The Leader as Chief Luddite
Ned Lud. Not a name most of us are familiar with. But his name – and his response to circumstances around him – created a movement. And a term. The Leader as Chief Luddite is my recognition that Ned Lud may still have some things to teach us as leaders.
A brief history lesson
In the late 1700s, as the Industrial Revolution increasingly automated jobs in factories and warehouses, a violent movement of laborers intent on “destroying the new machines to save their jobs” spread from Great Britain across Europe and into the United States. Ultimately a failed understanding of the risks of “new technology,” this movement had a hero, Ned Lud, who supposedly destroyed several new machines at a textile mill in Nottingham, England, where he worked in 1779. His simple act of rebellion spread, and by the early 1800s, the term “Luddite” referred to anyone who was opposed to advancing technology and what it represented.
Today, the term “Luddite” refers to anyone who is opposed to new technology.
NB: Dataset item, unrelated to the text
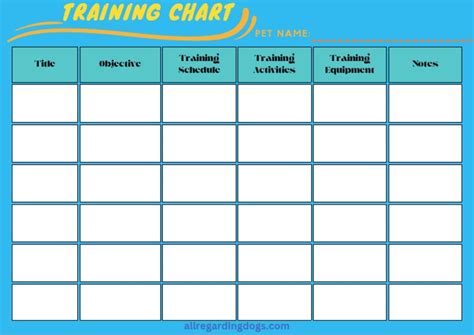 Printable Dog Training Plan Template PDF | PDF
Why do I maintain that the leader of an organization should be the “Chief Luddite” at times?
The Leader as Chief Luddite
I saw an article in the news recently about a murder investigation where the court is expecting Amazon to provide the audio feed from one of the Amazon Echo devices that was in use in a murder suspect’s home. It seems that since the Amazon Echo is “always on and listening”, it may have recorded conversations between the suspect and the victim. While that seems like a cool way to solve a crime, at some level I find the reality that this device is “always on” a troubling one.
Not all technology is beneficial
It happened again yesterday. I was walking briskly through a crowded area when someone walked right into me. The reason they walked right into me? They had their head down, looking at their smartphone.
Leaders should always be one generation behind
Here’s the point I’m trying to get to: leaders, let’s be very careful to not get caught up in the latest technology craze. At a national conference I attended last year, several of the senior leaders were promoting Periscope as the next combination of Facebook, YouTube and Ted Talks. We were made to feel that we had to get on it immediately if we were going to remain relevant and up-to-date. Whatever happened to Periscope? It is still around, but it hasn’t become the “next great thing.”
Similarly, one of our businesses has some competitors who are moving customer registration to an entirely tablet-based application. I’ve reviewed the application. It is still first generation, it isn’t as user-friendly as promised, and it ultimately leads to more questions and a less intimate experience for new customers. We won’t be adopting this approach until the experience is upgraded.
The 3-Values Test
Advances in technology should serve our mission, our team members and our customers first. If they streamline efficiencies, if they allow team members to do their jobs better, if they elevate the customer experience – then and only then should they be incorporated into our organizations. Upgrading for the “cool factor” or to be on the cutting edge typically doesn’t elevate your customer satisfaction scores or net profit.
Leader, are you – or some of your team members – being tempted to jump on the latest technology bandwagon? Don’t be afraid to be a Luddite! Until this “upgrade” can elevate mission, team members or the customer experience, wait. A better upgrade is coming, and in the meantime you didn’t waste time and money on a frustrating distraction.